Q. What do we know about the link between air pollution and heart disease?
A. Scientists at the University of Southern California found that air pollution may contribute to narrowing of the arteries at a very early stage of the disease, similar to smoking, and enhance atherosclerosis (hardening of the arteries).
Q. Shouldn’t I be worrying more about cholesterol and smoking?
A. In June 2004, the American Heart Association, an 80-year-old organization that has traditionally focused on risk factors such as poor diet and lack of exercise, issued a scientific statement that concluded that air pollutants pose a “serious public health problem” for cardiovascular disease. Air pollution exposure can increase the risk from other factors such as diet and smoking.

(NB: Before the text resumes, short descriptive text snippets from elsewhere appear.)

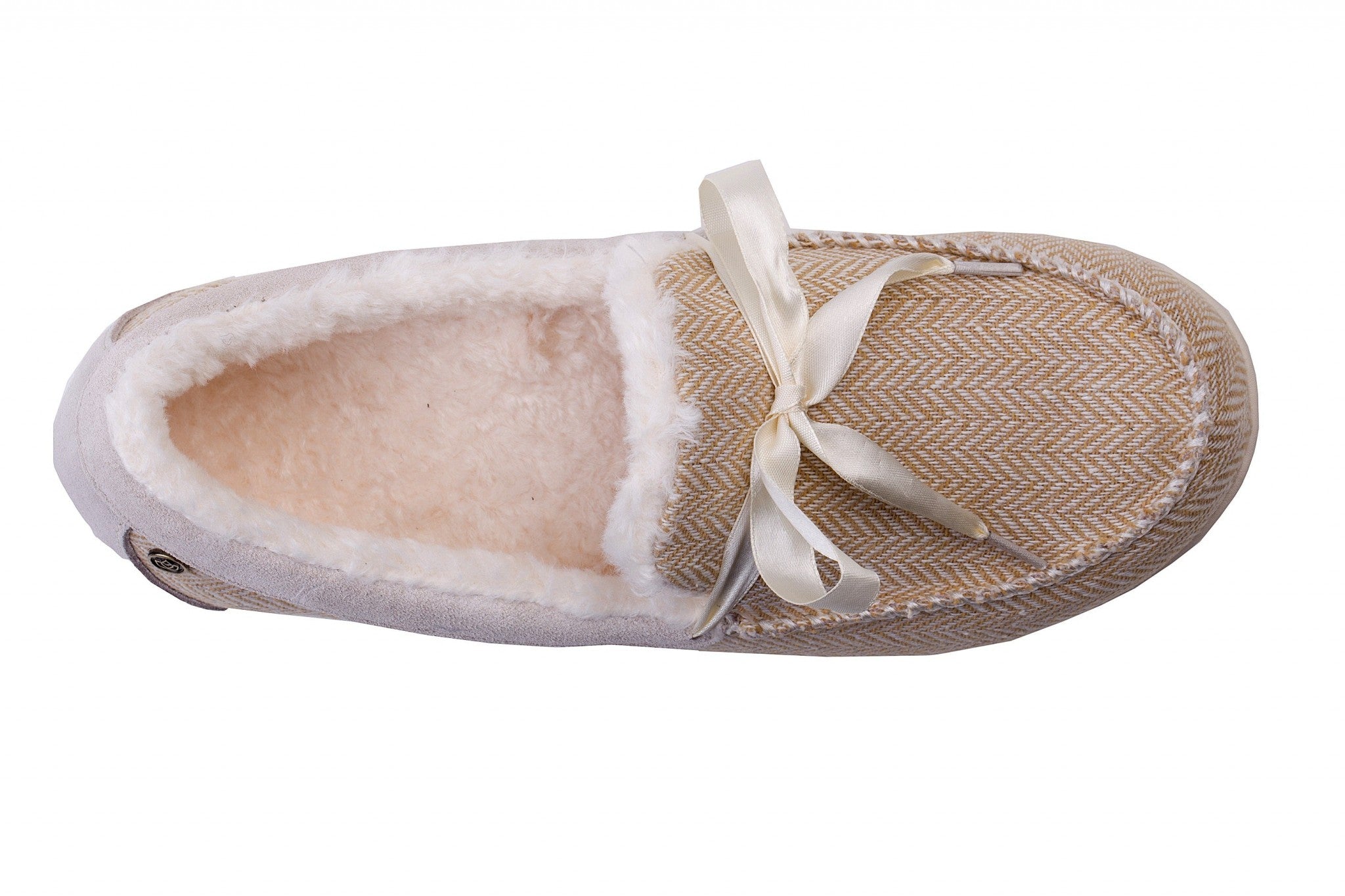 Spenco Birch Supportive Footbed Women's Slippers - Egg Nog - Product View - 6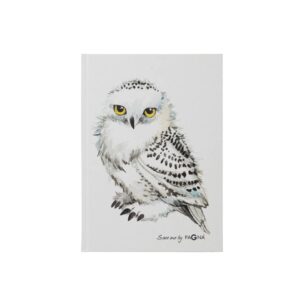 Notizbuch Save me No.2 - Eule, A5, 128 Seiten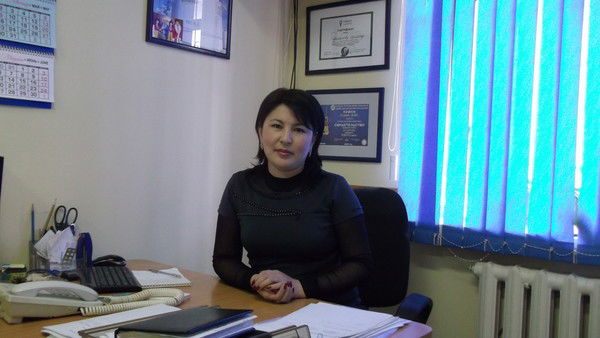 Марал Бигазиева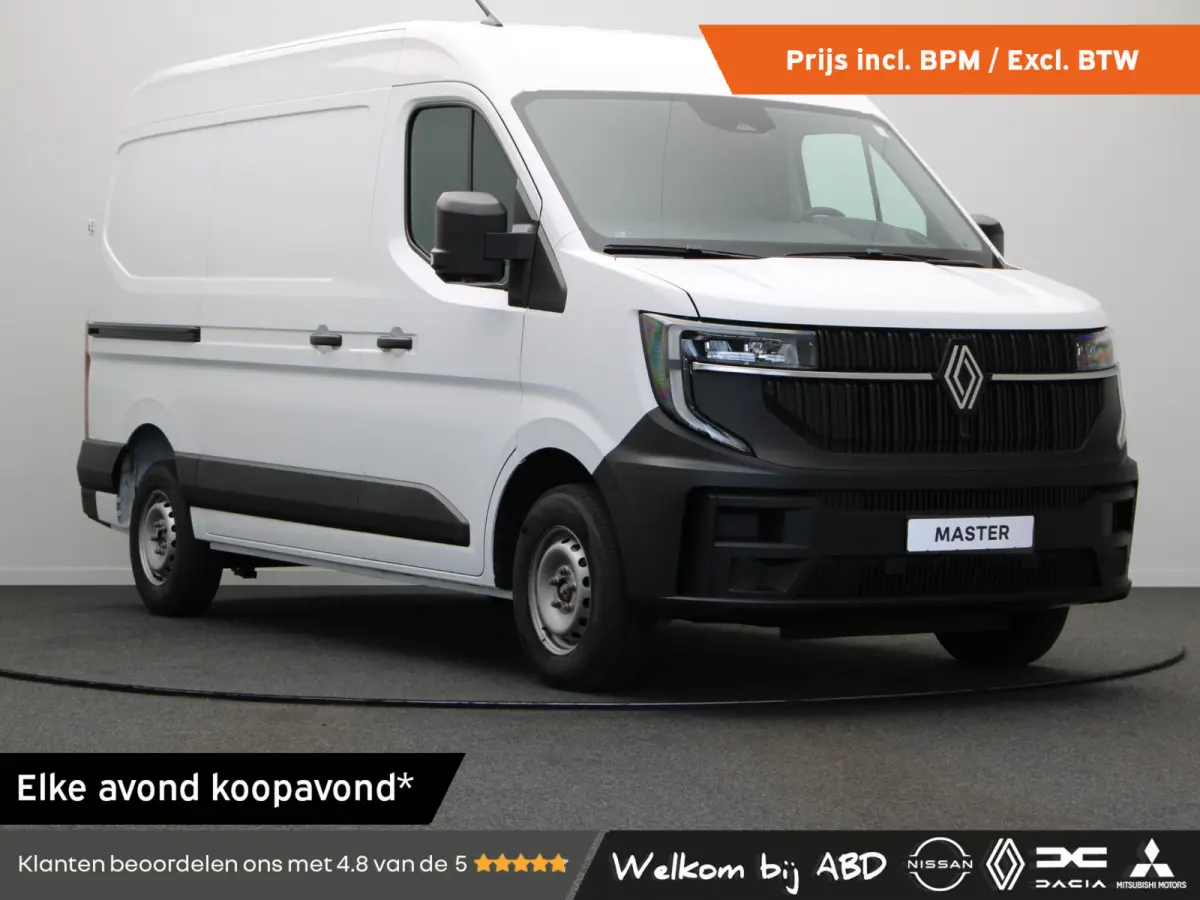 T35 2.0 dCi 130pk L2H2 Start | Prijs incl. bpm / ex. btw | Nieuw te bestellen |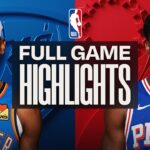 THUNDER at 76ERS | FULL GAME HIGHLIGHTS | March 23, 2026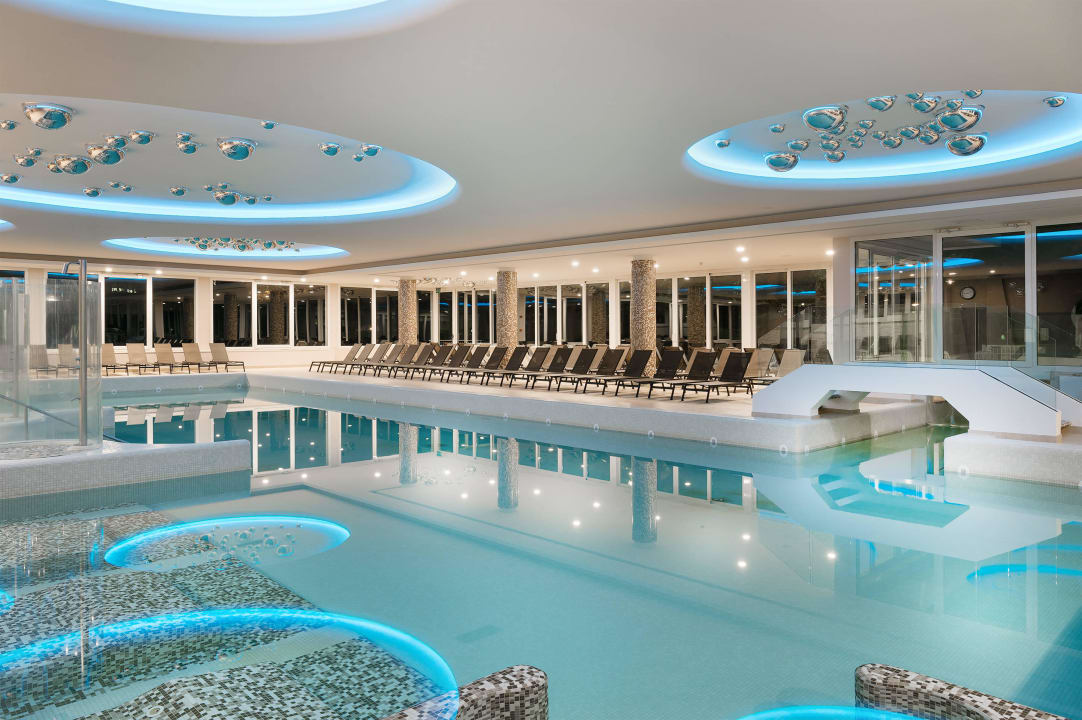 Indoor Swimming pool Hotel Terme Venezia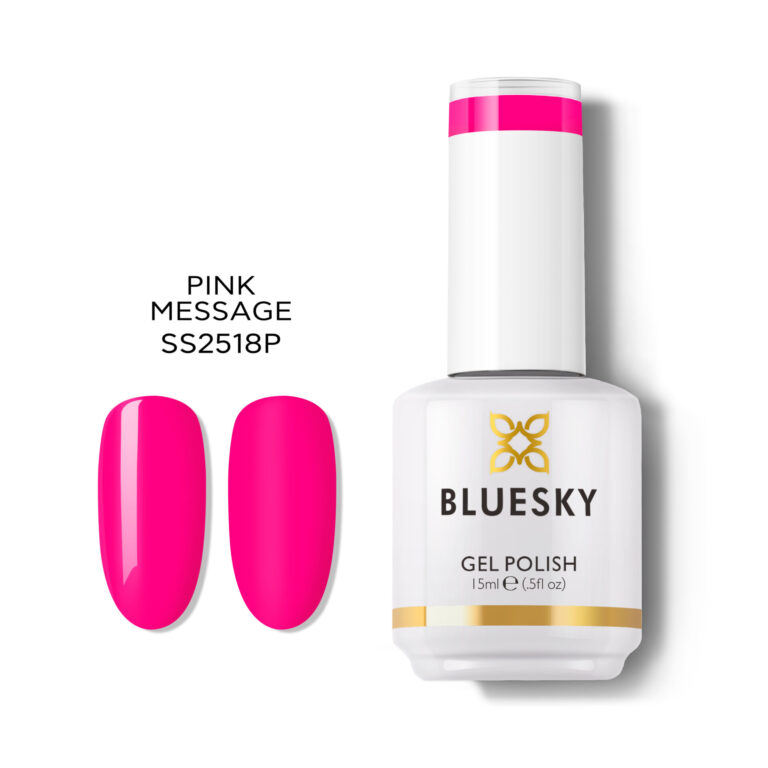 PINK MESSAGE – SEASONAL GEL POLISH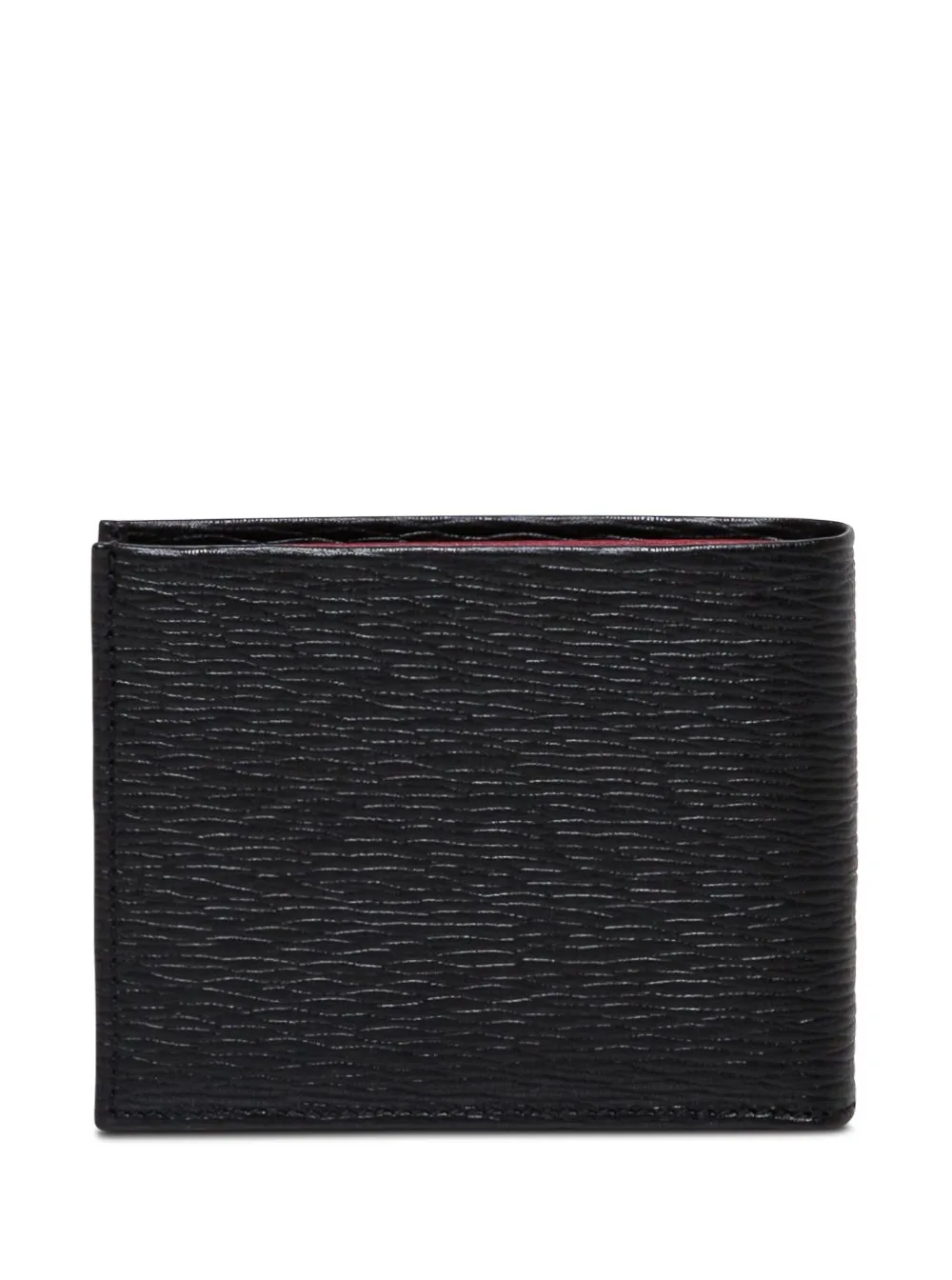 Ferragamo Gancio Logo Plaque Bifold Wallet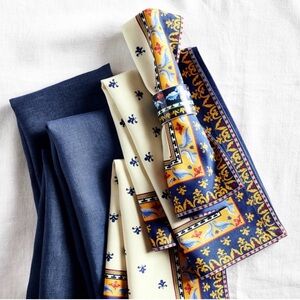 WILLIAMS SONOMA Sicily Napkins (Set of 8)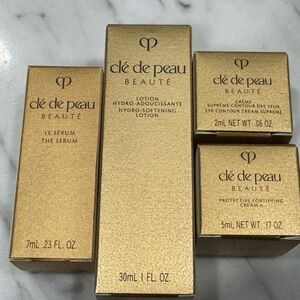 Clé de Peau Beauté Skincare Set NIB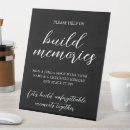 Search for jenga guest book wedding signs Black and white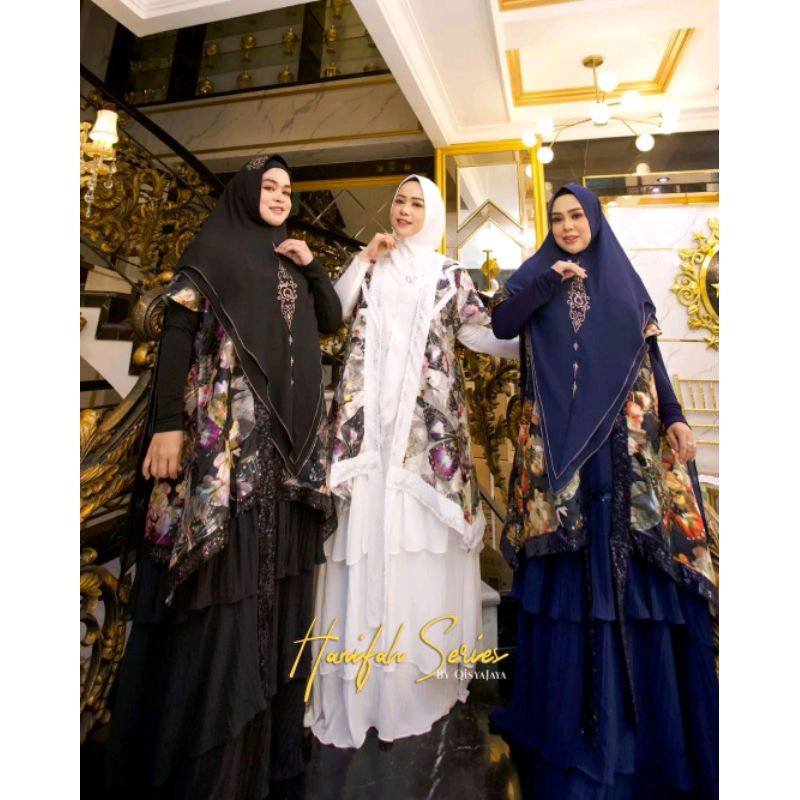 Hanifah set syar'i by qisya jaya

Q. Why should I be worried about fine particles? Shouldn’t I be worried more about the black soot I can see?
A. Fine particles in the air contain microscopic substances such as sulfates and nitrates, organic chemicals, metals, and carbon soot. These tiny particles can get trapped deep in the lungs. They have been linked to reduced lung function, greater use of asthma medications, and increased rates of school absenteeism, emergency room visits, hospital admissions and premature death.
Q. I exercise and take care of myself. Why should I be worried?
A. Long-term studies have found that people living in areas with high fine particle concentrations have an increased risk of premature death compared to those in cleaner cities, even when all other factors are equal.
Q. What is the MESA Air study?
A. The MESA Air Pollution Study examines the relation between air pollution exposures and the progression of cardiovascular disease. For at least ten years, it will follow volunteers in six states, representing diverse areas of the country. MESA stands for Multi-Ethnic Study of Atherosclerosis (i.e. hardening of the arties). MESA Air is sponsored by the U.S. Environmental Protection Agency, and is conducted through six universities: Columbia University (NY), Johns Hopkins University (Baltimore), Northwestern and Loyola Universities (Chicago), UCLA (LA), University of Minnesota (Twin Cities), and Wake Forest University (Winston-Salem).
Q. Why is this study important?
A. The information learned from this study will increase scientific knowledge about whether air pollution increases the risk for early cardiovascular disease.